There were times when I was in public and I had moments that felt like I wasn’t in control. I had anxiety when trying to deal with my anger and irritability in front of others. I felt like a weird bug that no one wanted around because of all the stares. After some time, I came to the conclusion (with the help from my friends, family, and therapist) that PPD is normal (and very common), and that there is no shame in what I was feeling.

Does having gone through PPD ever make you feel nervous to have other children?

This has absolutely crossed my mind when having thoughts about having other children! There have been times when I would think to myself (and my partner), “will it happen again?”. I have done quite a bit of research on the topic and have luckily found that having a baby after PPD is easier the second time around. The chances of recovery are high after your first experience, and it is also nice to know that I have continued to surround myself with people that are very caring and understanding, and extremely supportive.

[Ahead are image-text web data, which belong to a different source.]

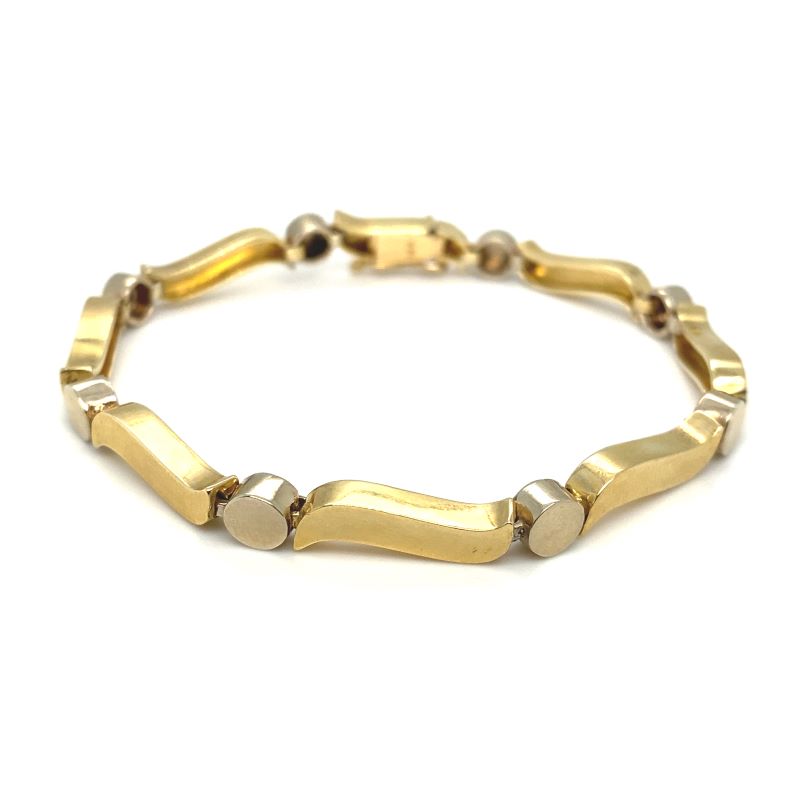 a gold bracelet with two circles on it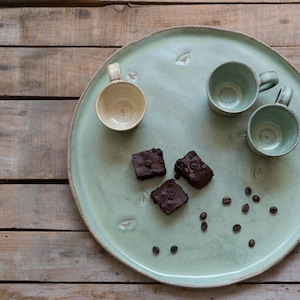 Puede incluir: Una bandeja de servir de cerámica verde claro con cuatro cuadrados de chocolate y tres tazas de cerámica. La bandeja tiene un aspecto rústico y hecho a mano y está decorada con diseños de hojas.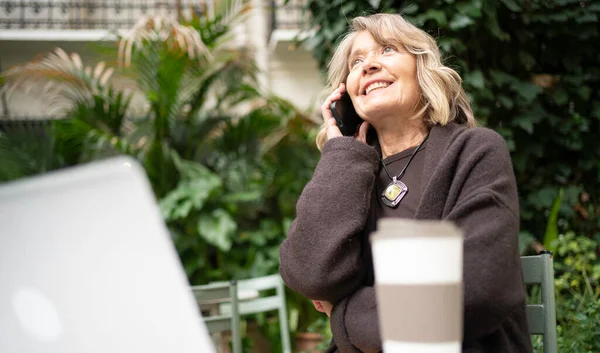 Bir telefon görüşmesi yaparken gülümseyen bir kadın, açık bir kafede oturuyor.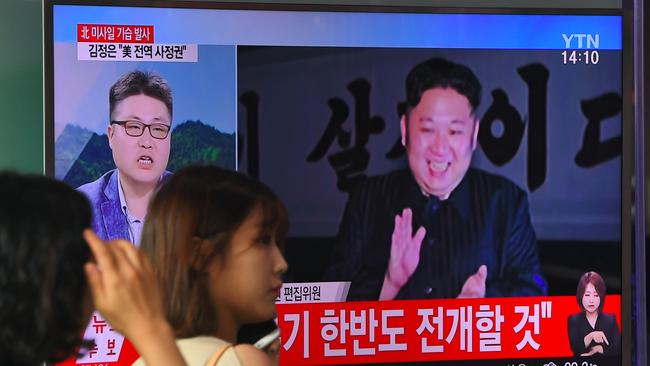 A woman walks past a television screen showing a video footage of North Korean leader Kim Jong-un celebrating his country's latest test launch of an intercontinental ballistic missile in Seoul. Picture: Jung Yeon-Je/AFP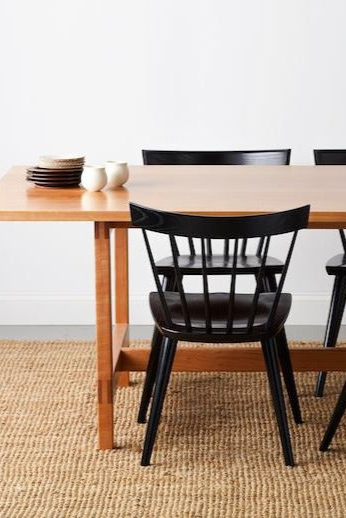 Ceramic plates and cups on modern cherry trestle table with four black modern windsor stye Boston chairs on beige woven rug with white background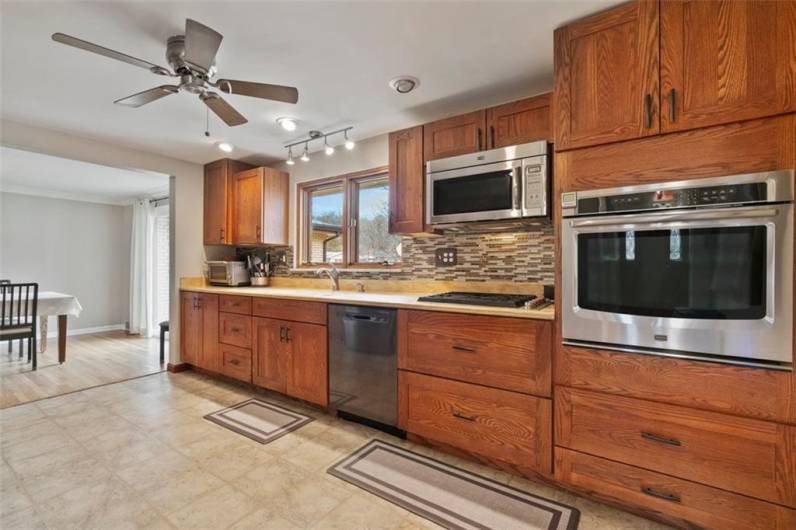 Spacious and updated 16' x 11' kitchen with plenty of counter space for the chef in your family! The kitchen overlooks the private back yard and driveway!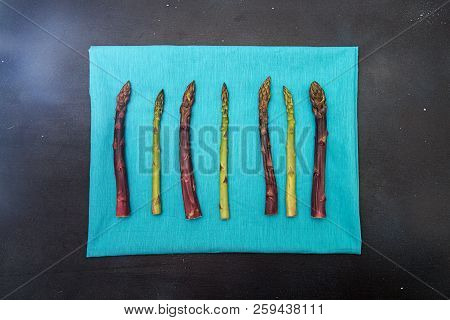 Background Flat Lay Green Purple Asparagus On Blue. Frame Black Surface. Overhead.copy Space.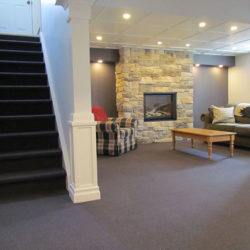 downstairs living room with large stone fireplace, stairwell adjacent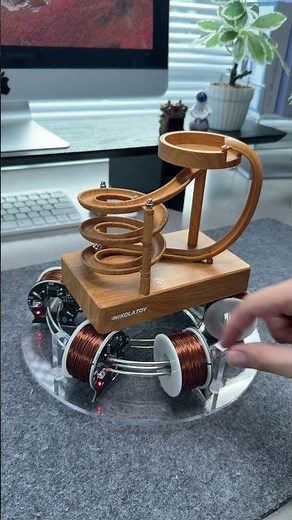 Electromagnetic coil-driven perpetual motion machine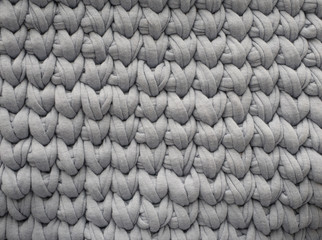 Closeup cotton grey knit blanket, warm and comfortable atmosphere. Knit background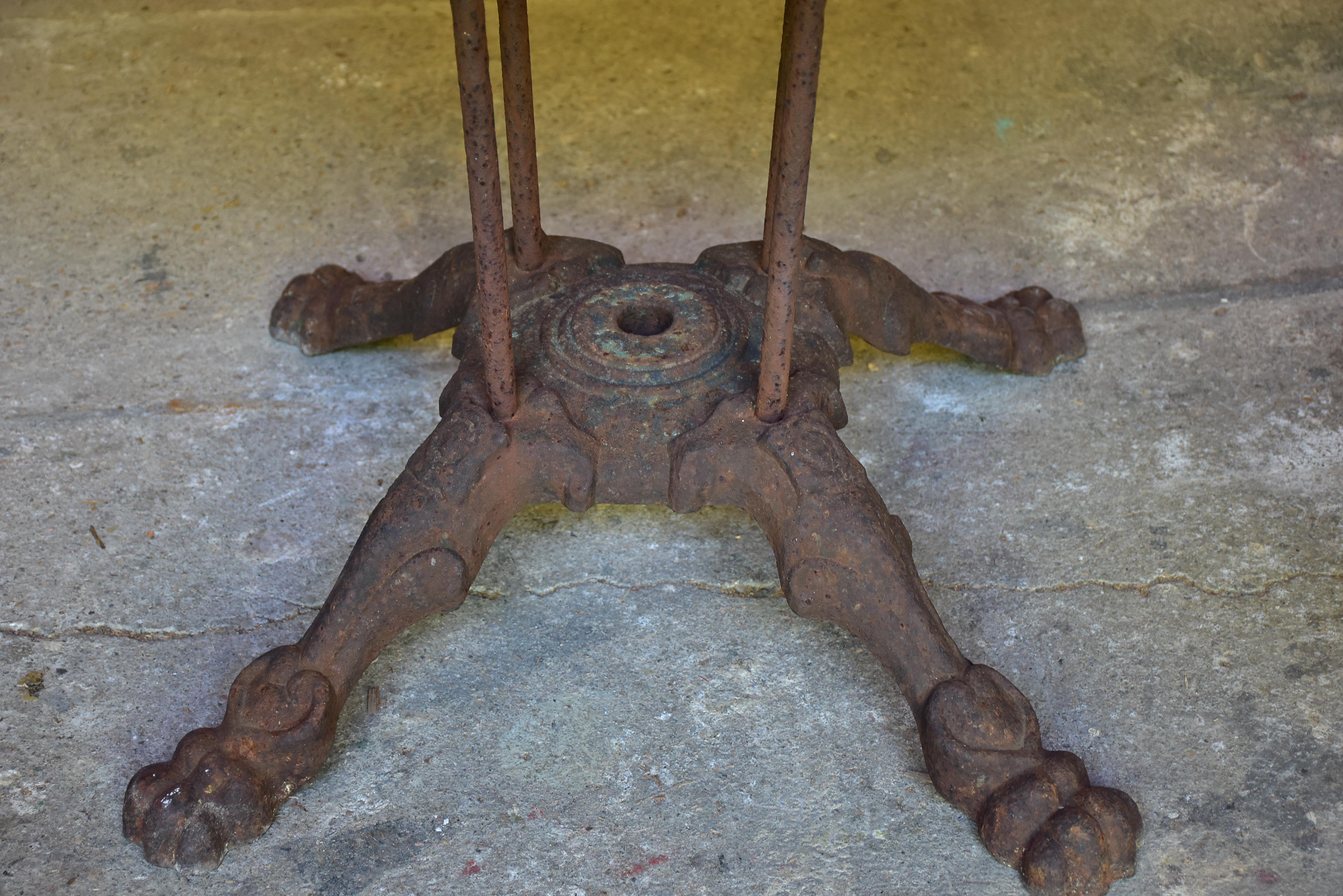 Round marble-top table with cast iron base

How do you now approach mental health since managing postpartum mental health?

Having PPD was a scary adventure, and my experience with it has since made me more proactive with understanding mental health as a whole. Everyone may experience it differently, and being able to recognize the signs and calls for help is important. Before PPD, it was very easy for me to get through a day where I felt down and out, but after PPD, I realized that it can be difficult, especially while also taking care of a baby. Knowing how to prioritize does wonders – knowing that I must take care of myself before others. Ensuring the happiness of your children is important, but you must start with yourself first.

Do you have any wisdom or advice to lend to other parents who may be anxious about PPD, and pregnancy in general?

Your feelings are so valid! Sometimes mental health can be really confusing to deal with, but know that you’re not alone. Learn how to make time for yourself and also set realistic expectations – you are in the process of recovering, and there is no set timeline for this. It may be a week, or it may be a whole year. Do not pressure yourself into doing everything at once – do what you can and leave the rest for another time!

Also, for anyone who knows someone dealing with postpartum depression, there are many ways that you can help as well. Do not make it about the baby, make it about the parent – really understand how they are feeling and be prepared to listen. Make a safe space for them. Offer as much help as you have the capacity for. From providing transportation to doctor appointments, to helping around the house, or even just cooking something for them – all of this can go a long way!

Postpartum support can come in many forms, so do your research, and look outward for any support you can.